### Problem
Nothing but the pictures is dropped; write out all the remaining data below exactly.

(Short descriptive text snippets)

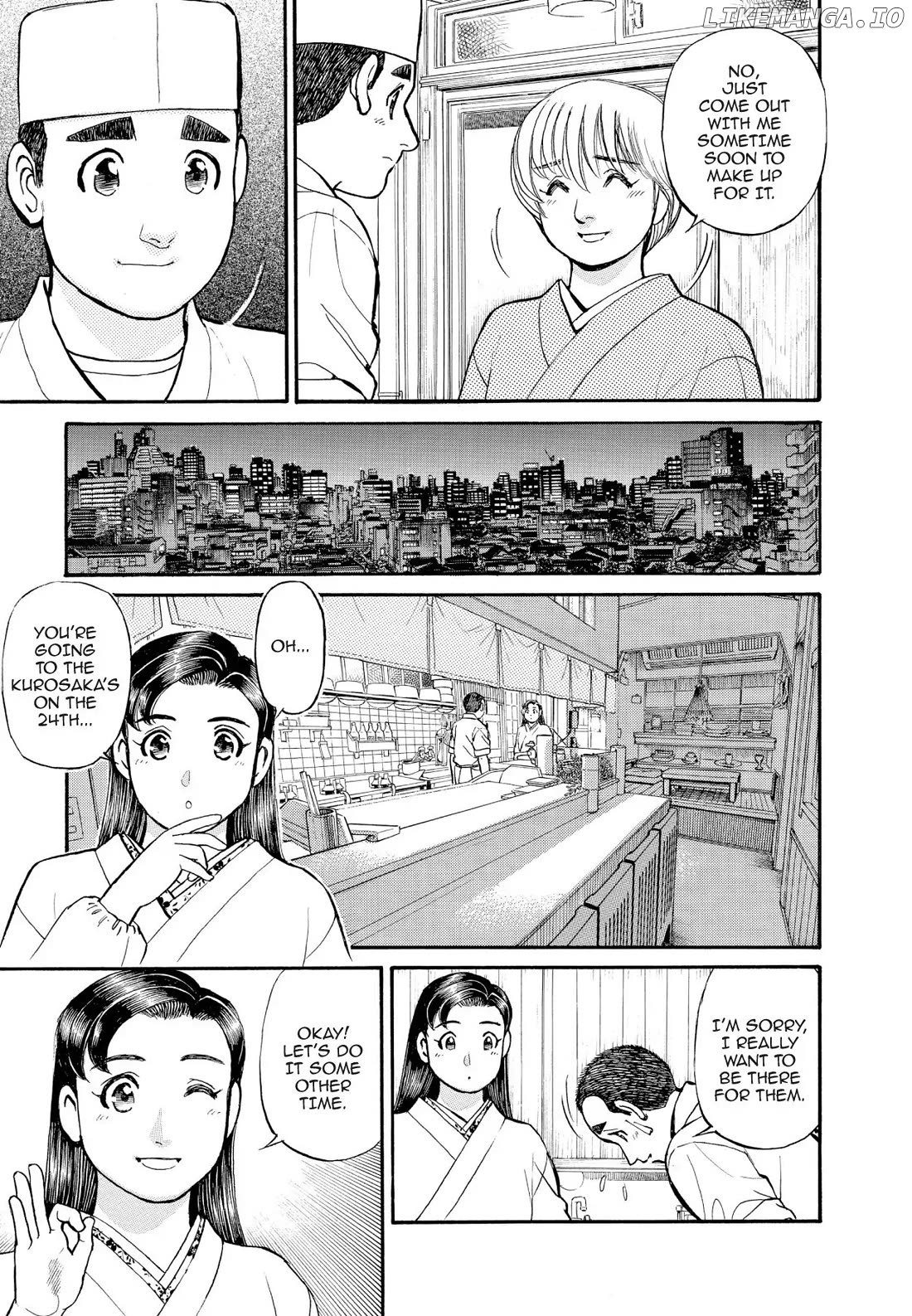 Sota's Knife chapter 158 - page 3
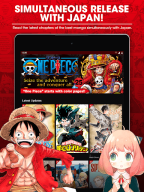 MANGA Plus APK screenshot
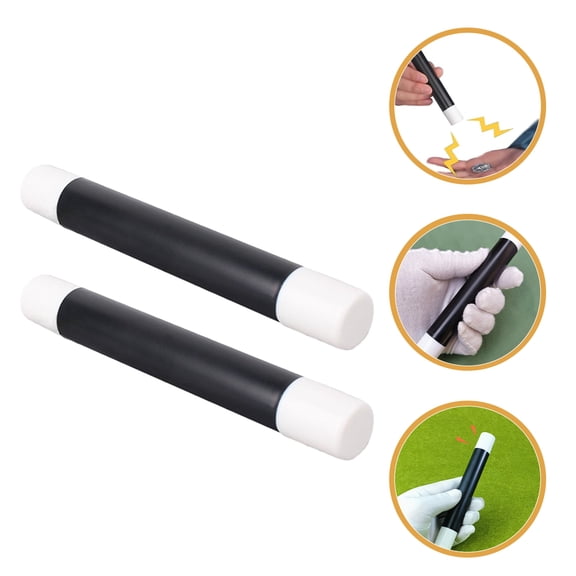 WRISTBIQUE 2Pcs Hidden Noise Maker Prank Black Plastic Tube For Entertainment At Parties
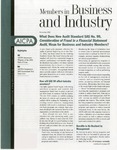 Members in Business and Industry, November 2002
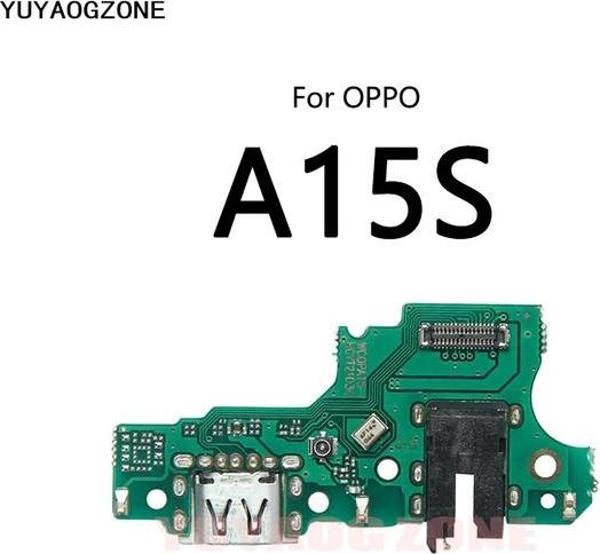 Tkgz OPPO A15S Şarj Soketi Kulaklık Soketi orj - Image 1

### Task response
 Sota's Knife chapter 158 - page 3
 MANGA Plus APK screenshot
 WRISTBIQUE 2Pcs Hidden Noise Maker Prank Black Plastic Tube For Entertainment At Parties
 Members in Business and Industry, November 2002
 Tkgz OPPO A15S Şarj Soketi Kulaklık Soketi orj - Image 1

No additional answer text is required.